- The Washington Times - Friday, October 31, 2003

BIG BEAR LAKE, Calif. (AP) — Hundreds of firefighters battling Southern California’s wildfires used a break in the weather yesterday to bulldoze buffer zones around mountain communities in case the heat and fierce winds return.

“We’ve got a sleeping giant out there,” Forest Service spokeswoman Sue Exline said.

Fog, lower temperatures and lighter winds since Thursday have helped firefighters make progress against the fires that have killed 20 persons, destroyed more than 2,800 homes and burned nearly 750,000 acres across Southern California over the past week.

The other major community still threatened was Bear Lake, a resort town in the San Bernardino Mountains northeast of Los Angeles.

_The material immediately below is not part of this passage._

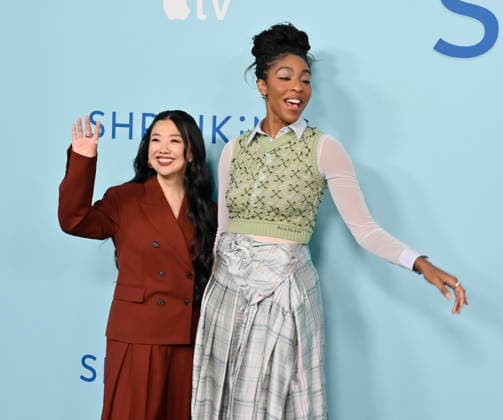 Cast members Sherry Cola (L) and Jessica Williams attend Apple TV s dramatic comedy series Shrinking Emmy FYC Event screening at the DGA Theatre Complex on Saturday, June 6, 2026. Storyline: A grieving therapist starts to tell his clients exactly what he thinks. Ignoring his training and ethics, he finds himself making huge changes to people s lives - including his own.  LAP2026060656 JIMxRUYMEN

A blaze that has scorched 69,000 acres and destroyed hundreds of homes moved to within 10 miles of the town, emptied out of some 15,000 people earlier in the week.

“The fire is just creeping around, not making these big runs that we had seen,” Miss Exline said.

But forecasters said the heat and dry desert winds that whipped the flames into infernos could return early next week, and so fire crews raced to cut 30 miles of firebreaks to protect communities around the lake.

They cleared brush and trees from zones 100 feet wide to deprive the fire of fuel. The fire lines were as close as 50 yards to some homes.

“This is an opportunity,” Miss Exline said. “We can get in there in the next 48 hours to fight the fire on our own terms, without the forces of the weather.”

Meanwhile, California’s biggest blaze — a 275,000-acre fire burning in the mountains northeast of San Diego — was 65 percent contained, and firefighters said the threat had eased against Julian, an old Gold Rush town that is now a weekend getaway known for its apple orchards.

“If I was a betting man, which I’m not, I’d say the town is pretty safe — safe from burning but not safe to come back in,” said sheriff’s Sgt. Steven Wood.

In all, seven fires were still burning across four counties. Winds have carried the smoke as far north and east as the Plains and the Great Lakes, as satellite images from NASA have shown.

While thousands have fled the Big Bear area, a few people stayed behind to protect their property.

Kelly Bragdon sat at the bar at the Log Cabin Restaurant, sipping a beer and watching news reports of flames blazing through the forest.

“I’ve got too much to lose to leave here,” Mr. Bragdon said. “I don’t think we’re jeopardizing anybody’s lives but our own, just trying to save what we’ve got, everything we’ve worked for.”

Craig Brewster, owner of the Robinhood Resort hotel just off Big Bear Lake, stayed in town and opened up his place for firefighters.

“It’s a ghost town right now, strange,” he said. “It’s a weird feeling. We’d typically be getting ready for trick-or-treaters.”

Ellen Bechtol, 43, looked to the dark clouds over the mountains and hoped the cooler weather would tame the raging fire. “To sit here and worry about tomorrow is going to stress me out too much,” she said. “It could be definitely worse, but I believe God will take care of us.”